(Bloomberg) -- The pound rallied the most against the dollar since December 2020, as better-than-expected UK jobs numbers attracted traders to the beaten-down currency.
Sterling jumped as much as 1.4% to 1.2488 in the wake of data that showed declining unemployment and job vacancies still at record levels. Gilts slumped, while traders bolstered bets on Bank of England rate increases, wagering on around 32 basis points of hikes at next month’s meeting.
The pound has been driven to depths not seen since the early months of the pandemic by gloomy economic forecasts and more cautious commentary from BOE policymakers about the tradeoff between preserving the economy and curbing inflation. Further uncertainty over the future of the Northern Ireland protocol has also cast a shadow over the currency.
“People don’t need too strong an excuse to buy sterling right now,” said Geoffrey Yu, strategist at BNY Mellon. “Even a modicum of good data or even data that isn’t as bad as previously expected can see them coming back because of valuations.”
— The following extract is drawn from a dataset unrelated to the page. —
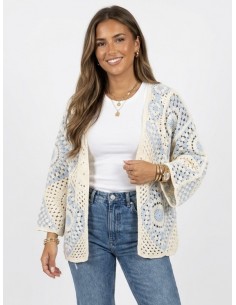 GILET BLEU CIEL  EN CROCHET...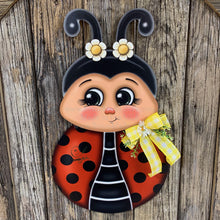Load image into Gallery viewer, Ladybug decoration, Ladybug door hanger, Ladybug sign, wooden ladybug, Ladybug Porch sign, Ladybug wreath for front door, Summer door hanger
The pound was 1.2% stronger as of 11:05 a.m. in London.
The move accompanies a broader dollar decline, with the greenback underperforming all Group-of-10 currencies bar the Japanese yen as risk sentiment rebounded. The Bloomberg Dollar Spot Index is set for its longest daily losing streak since March.
Still, some strategists contend that the job numbers don’t amount to a game changer for the fundamentals of the UK economy. Inflation data due Wednesday is expected to show consumer prices increasing at 9.1% year-on-year in April, eating into spending power even as wages rise.
BOE Governor Andrew Bailey told lawmakers on Monday that this squeeze would both damp activity and increase unemployment.
“We think there has been a notable shift at the BOE from inflation itself to the negative growth implications of higher inflation,” said Adam Cole, currency strategist at RBC Capital Markets. “So we expect rate expectations to reprice lower going forward.”